Dagegen wäre ja noch nichts zu sagen: Man muss Gutzkow nicht schätzen, und selbst wenn wir hier diese Einschätzung nicht teilen möchten, hätten wir respektvoll den Hut gezogen vor einer geschliffenen Kritik an Gutzkows Werken. Aber Armin Gebhardt ist kein Mann des Floretts, er ist ein mit einem schartigen Krummsäbel bewaffneter Schulmeister, der dem Leser gerne ex cathedra mitteilt, dass der jeweils zu besprechende Text miserabel sei. Bei manchen Novellen oder Dramen lobt er noch generös dieses oder jenes Detail, wenn er den jeweiligen Inhalt wiederzugeben versuchte, findet jedoch meist nichts, das es zu loben gäbe, vieles aber hält er altväterlich für "tadelnswert". Und all dies wird in einer zwischen Flapsigkeit und Verstaubtheit oszillierenden Sprache ausgedrückt, die meist nur von fern an Deutsch erinnert. Hier nur einige illustrierende Beispiele: "Wally, die Zweiflerin" wird als "eindeutiges Schwachwerk" bezeichnet, Gutzkows Texte seien oft zu langweilig, "selbst bei Lesern von damals, die noch nicht über einen Tele-Antilangweiler verfügten" (gemeint ist wohl ein Fernseher). An anderen Stellen jedoch wird auf eine merkwürdig altertümelnde Wortwahl mit obsoleten Ausdrücken wie "Konterfeiung" zurückgegriffen. Für die holprige Syntax findet man auf jeder beliebigen Seite Belege.

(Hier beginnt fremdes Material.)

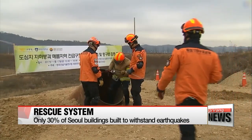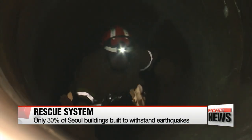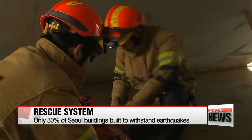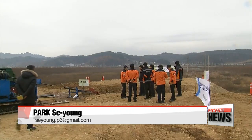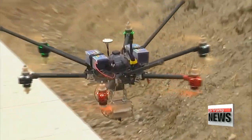Although Korea is no longer free from the threat of earthquakes, only about 30 percent of Seoul's buildings and houses were designed to withstand earthquakes. The researchers and rescue workers believe their system will be able to minimize casualties if buildings do collapse.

Bei der Besprechung der Romane gehen Gebhardt endgültig die Gäule durch. Gerne bekämen wir zumindest im Ansatz erklärt, weshalb denn der "Zauberer von Rom" beispielsweise so indiskutabel ist (vielleicht ein gerade aufgrund seiner Merkwürdigkeiten fulminanter Roman). Das Wenige, was Gebhardt an Argumenten auffährt, ist von bemerkenswerter intellektueller Schlichtheit. Für die späten vier Romane braucht Gebhardt gar nur eine Seite: "Mangelhaft durchgearbeitete, langweilige Romanschinken" seien diese Texte. Begründungen bietet er dem interessierten Leser nicht.

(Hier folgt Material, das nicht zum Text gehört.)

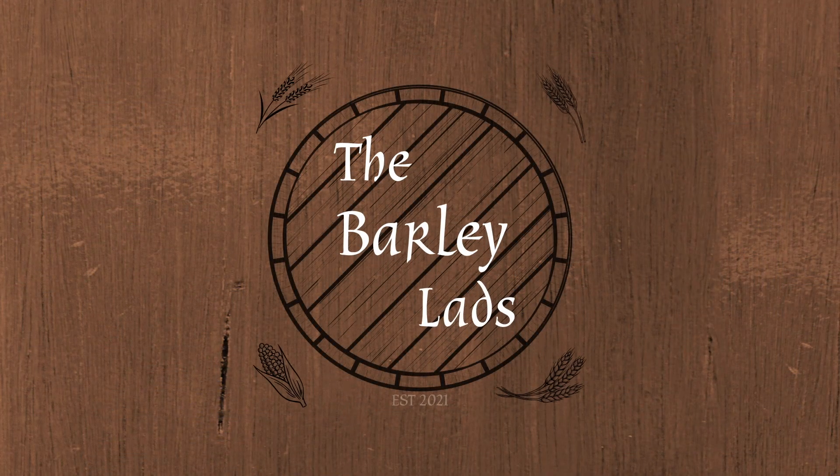Thank you again for watching another episode of The Barley Lads. Today we've been drinking Elijah Craig Barrel Proof Batch A122. Cheers.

Drei Beispiele mögen genügen, um die mangelnde Qualität seiner Interpretationen zu erweisen. Erstes Beispiel: Am Ende seiner Ausführungen zu der Novelle "Der Sadducäer von Amsterdam" (1834) schulmeistert er Karl Gutzkow, und kritisiert, dass das Auftreten des siebenjährigen Baruch Spinoza am Ende der Novelle überflüssig sei: "Eine Erzählung ist nicht dazu da, eine Person ausschließlich um ihrer Berühmtheit willen ohne anderweitige Funktion einzuschleusen." Abgesehen davon, dass dieser Satz an sich schon von grandioser unfreiwilliger Sprachkomik ist, sei hier noch gesagt, dass dem siebenjährigen Spinoza sehr wohl eine Funktion in dieser Novelle zukommt, noch dazu eine ins Auge springende. Der Knabe verkörpert die Hoffnung des Textes, (der ja die typisch jungdeutsche "Zerrissenheit" um 1835 in der historischen Maske des Protagonisten Uriel Acosta vorführt), dass der unbefriedigende Zustand der Gegenwart überwunden werden könne. Denn wie man weiß, beugte sich Spinoza als Erwachsener der Unterdrückung von staatlicher bzw. religiös-orthodoxer Seite nicht - was aber der wankelmütigen Hauptfigur aus Gutzkows Novelle noch nicht gelingt. Man lese nur Acostas Monolog an den Knaben, der an Explizität eigentlich nichts zu wünschen übrig lässt: "Mein unvollendetes Werk gebe ich dir, der noch einzig furchtlos ist, und der meines Schwertes Scharten an jenen elenden Knechten der Allmacht auswetzen wird. Das Gegenwärtige sinkt Alles unter mir zusammen, nur auf die Zukunft hoffe ich."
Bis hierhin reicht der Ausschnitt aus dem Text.